Monologues et dialogues

Jeff Buckley

On est en septembre et je suis au flanc d’une foule de festival. Trop cassé pour payer mon billet, je m’étais inscrit comme bénévole, et donc j’y ai passé la semaine, soit à travailler ou à assister aux spectacles. Sur la grande scène Ben Harper parle, assis avec une guitare. Il raconte quelque chose d’intriguant sur un personnage presque surnaturel. Un gars qu’il aurait croisé une fois à un festival, une sorte de génie fou. Ensuite il a fait un cover de Hallelujah, qu’on sait être une écriture de Leonard Cohen, mais avec une musicalité toute particulière, en hommage à Jeff Buckley.

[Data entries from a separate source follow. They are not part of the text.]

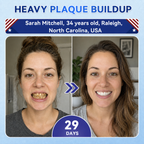 Fast-Dissolving Tooth & Gum Care Oral Strips – Daily Oral Wellness Support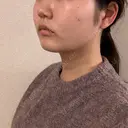 バッカルファット除去 / 脂肪吸引（顔） 湘南美容クリニック 京都院 DAY 167 サムネイル用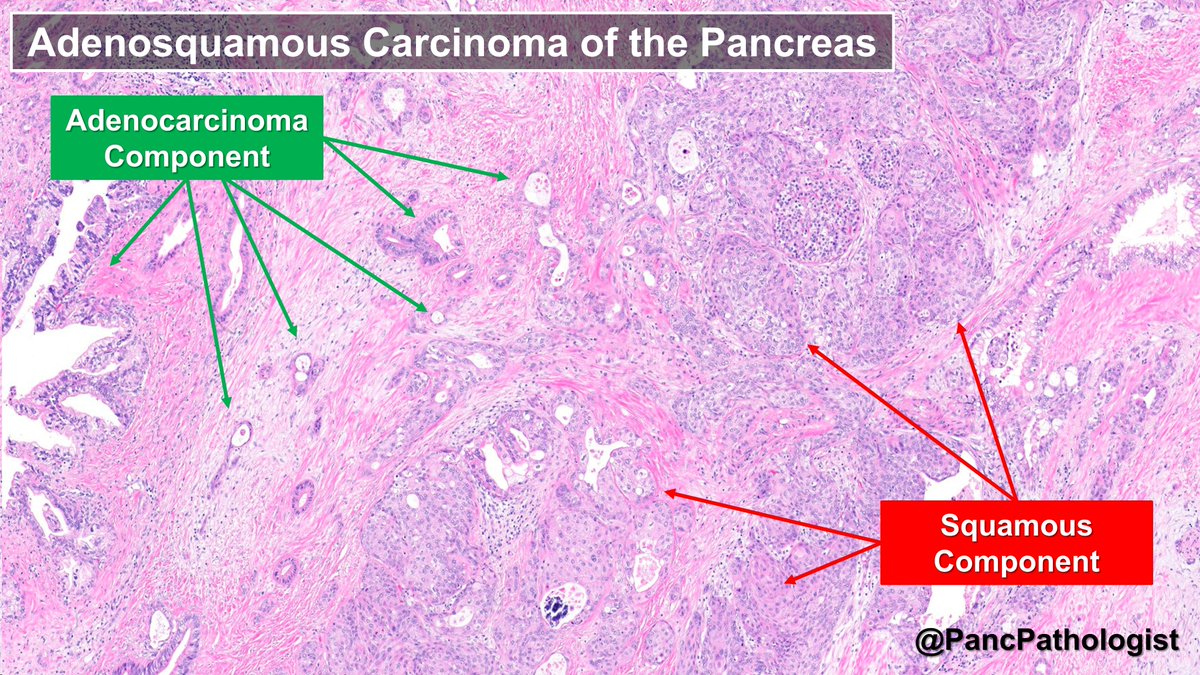 PancPathologist's tweet image. Pancreatic Adenosquamous Carcinoma (#PASC) is an aggressive variant of pancreatic ductal adenocarcinoma (#PDAC), characterized by glandular and squamous differentiation (at least 30% of the neoplasm) & can harbor BRCA/PALB2 mutation. #GIPath #Pathology #PancreaticCancer #Pancreas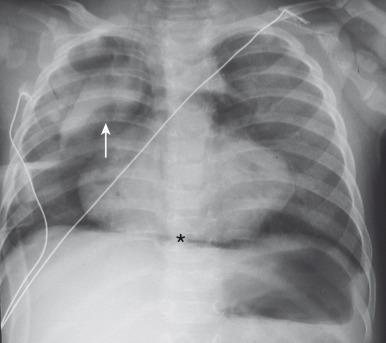 Figure 58.1, Pneumomediastinum in a 6-month-old boy.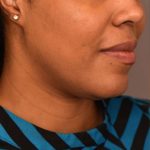 Neck Liposuction / Chin Liposuction Before & After Patient #1824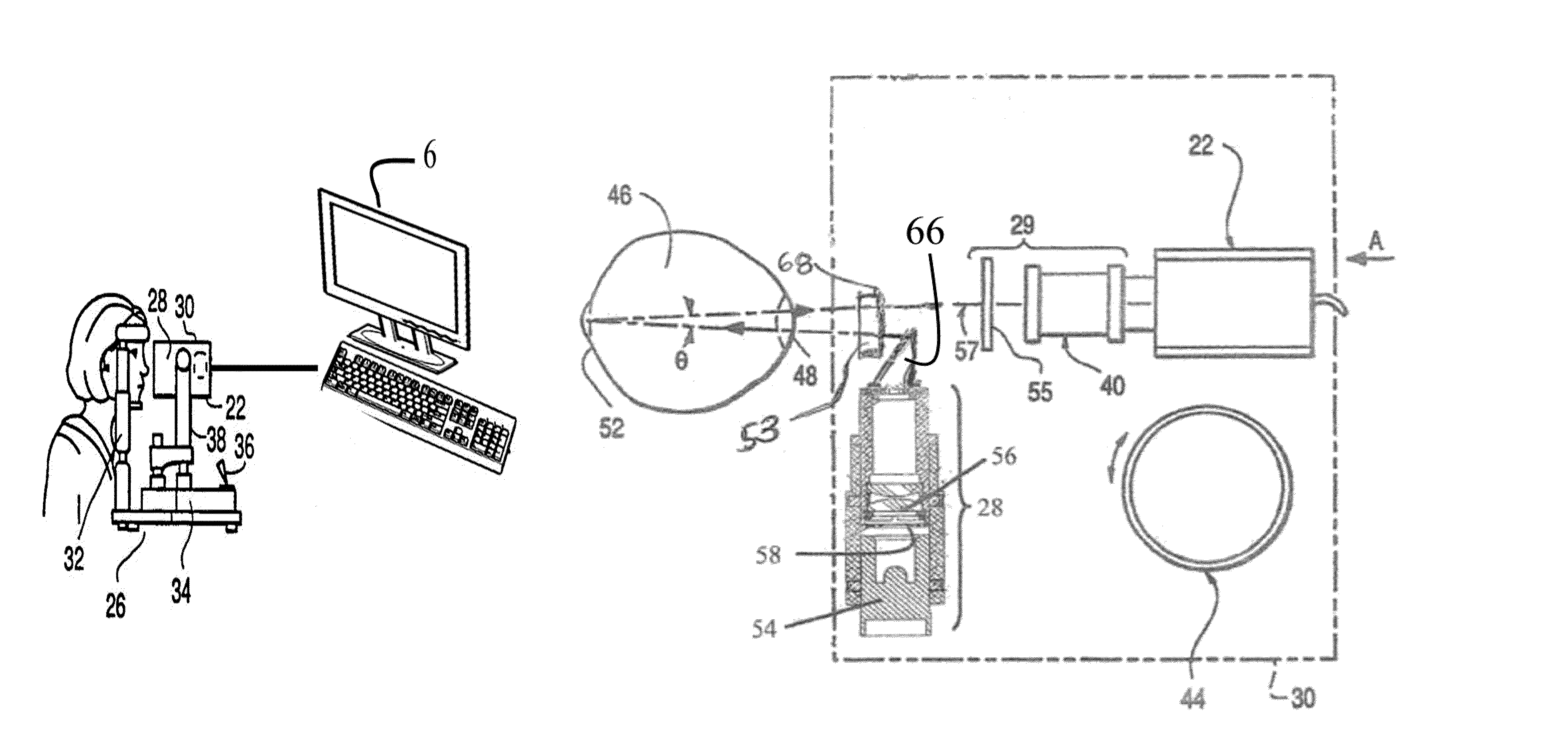 Apparatus and method for imaging the eye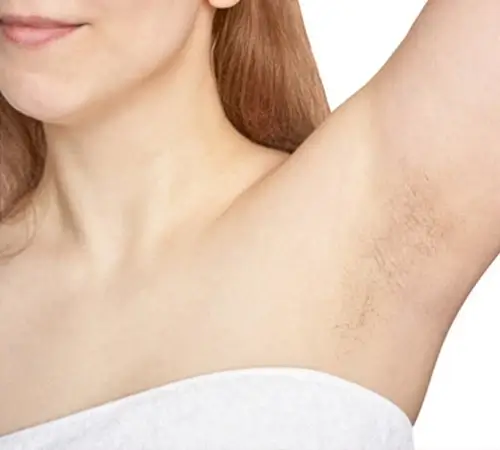Laser Hair Removal Treatment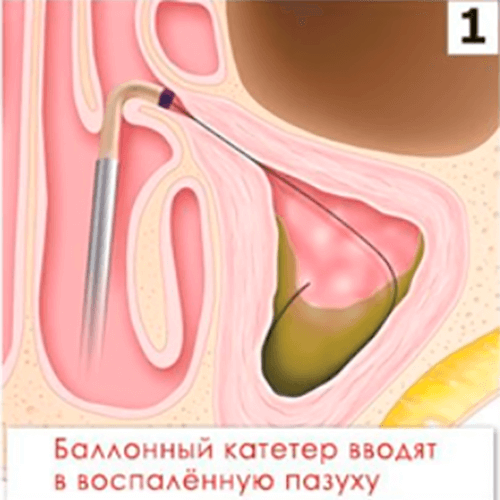 Изображение КАТЕТЕР ПРОВОДНИКОВЫЙ MESIRE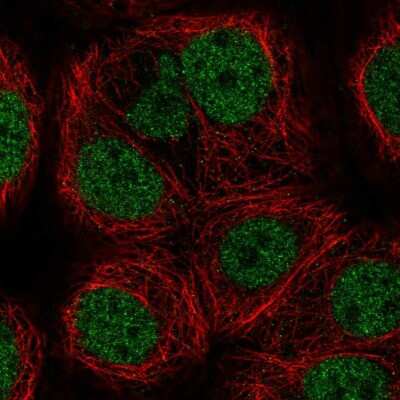 Immunocytochemistry/ Immunofluorescence: MYST1 Antibody [NBP2-56864]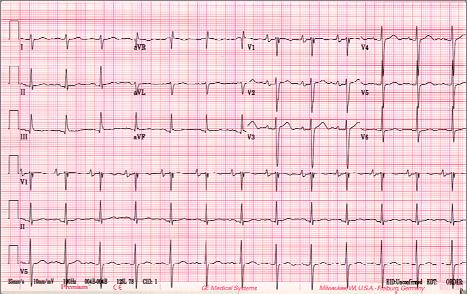 In most patients with LBBB, septal wall motion abnormalities can exist without coronary artery disease C.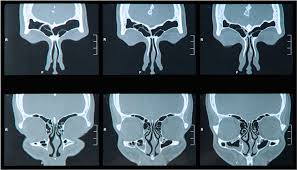 Image result for Rhinosinusitis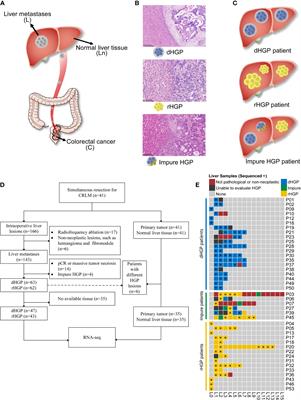 Delineating the molecular landscape of different histopathological growth patterns in colorectal cancer liver metastases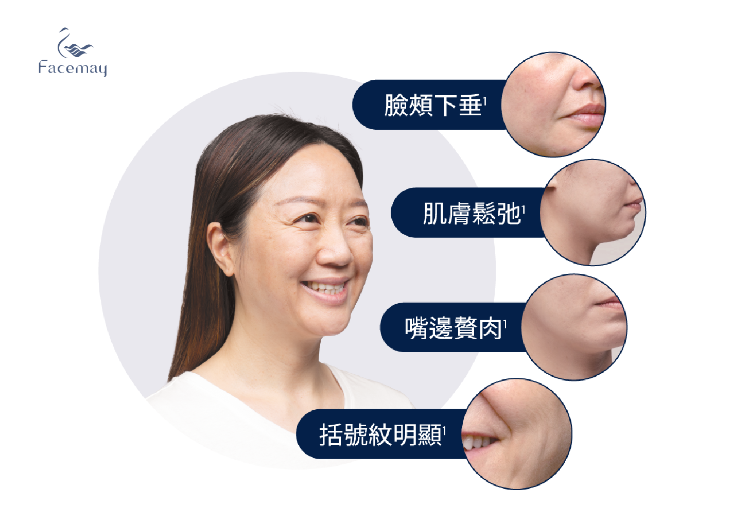 「AestheFill艾麗斯聚雙旋乳酸」為專為亞洲人設計的長效型膠原蛋白增生劑，治療後皮膚自然柔軟，膚觸宛若天生，即使是二次注射也不會有僵硬感。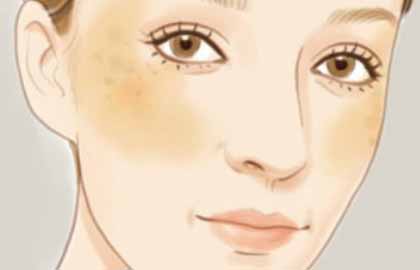 點斑需要多少錢？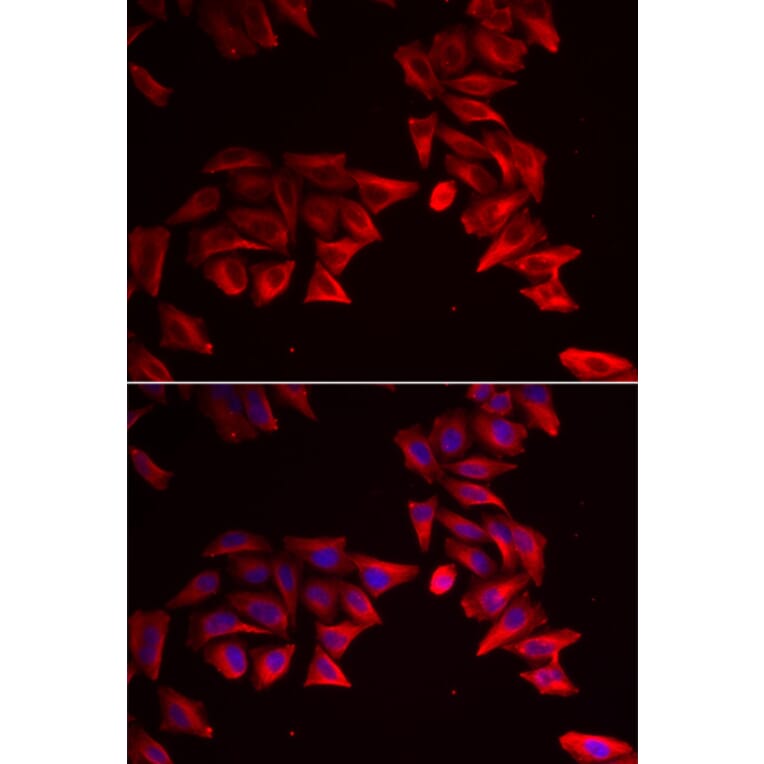 Anti-SFRP4 Antibody from Bioworld Technology (BS8194) - Antibodies.com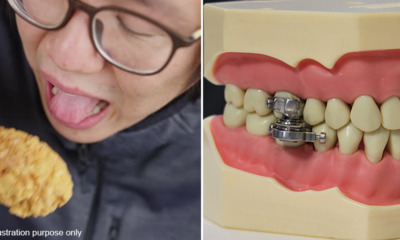 Magnetic device for weight loss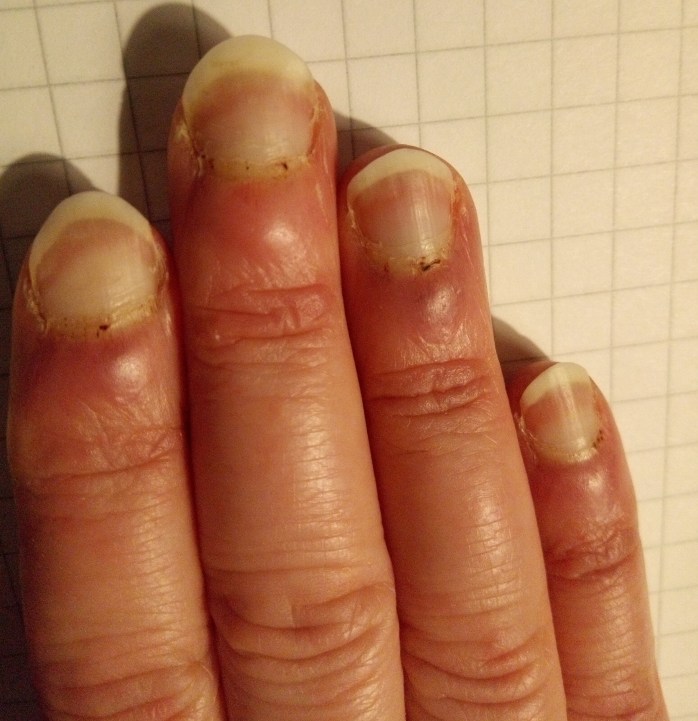 Tämän kuvan alt-attribuutti on tyhjä; Tiedoston nimi on mian-sormikuva-pyydettu-julkaisulupaa.jpg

L’histoire m’a saisi. L’aura du personnage qu’il a décrit m’est resté gravé dans la mémoire, et j’ai tout de suite voulu savoir qui était cette figure mystérieuse que tout le monde semblait connaître sauf moi. Plus je lisais sur Jeff Buckley, plus son histoire devenait intéressante : ses goûts extrêmement éclectiques en musique, son histoire familiale, son seul album (Grace), sa mort. Tout a piqué ma curiosité, mais son histoire en est une qui nous laisse avec plus de questions que de réponses. C’est là son charme.

Quand j’ai écouté Grace pour la première fois, c’est comme si j’avais compris quelque chose. Ou plutôt, c’est comme si Buckley m’avait dit qu’il avait compris quelque chose pour moi. Et ce sentiment-là, ce n’est nullement en lien avec les paroles; à ce jour je ne les ai pas lues. Ceux qui me connaissent savent très bien que je retiens peu les paroles de toute manière. Mais la musicalité de cet album dégageait la même aura qui avait été décrite au festival. D’abord c’est la voix : il chante avec ses tripes et il en pleure presque. Ensuite j’ai remarqué les sons de guitare tantôt sales, tantôt délicats, tantôt nasillards. Ensuite, à quel point il a fait ce qu’il voulait avec cet album; c’est carrément difficile à définir et je suis sûr que personne chez Columbia n’attendait un hit de cet album. Mais c’est venu me chercher et c’est une des rares œuvres musicales que j’appellerais carrément un chef-d’œuvre. Quand je suis en manque d’inspiration, je me tourne souvent vers cet album-là.

Mais pour moi, la plus grande leçon à tirer de Jeff Buckley, c’est de s’ouvrir à tous les styles de musique. Ce n’est pas nécessaire de tout aimer, mais on ne sait jamais sur quoi on va tomber, qu’est-ce qui pourrait changer notre vie. Un jour, une amie m’a montré un enregistrement bootleg qu’elle avait trouvé. Buckley a dit : this guy is my Elvis. Il présentait un chant religieux du Pakistan (Qawwalî) qu’il allait faire, et il parlait de Nusrat Fateh Ali Khan. Ce sont des sonorités auxquelles nous ne sommes pas habituées, mais qui donnent un indice quant à la source du mystère de Jeff Buckley : il absorbe la beauté de toutes parts, la filtre à travers sa sensibilité à lui, et nous la redonne à sa manière. Il en a fait de même avec du Piaf, du Britten, du jazz, du rock. Dans ma conception du métier d’artiste, la fonction première est devenue celle de faire des liens, d’unir des choses qu’on n’a jamais pensé réconcilier. Ces mariages ne fonctionnent souvent que par le fait-même d’être passés par l’artiste. En partageant son enthousiasme sincère et contagieux, en citant ses sources, Buckley nous permet de découvrir l’improbable, de s’en inspirer et de faire comme lui.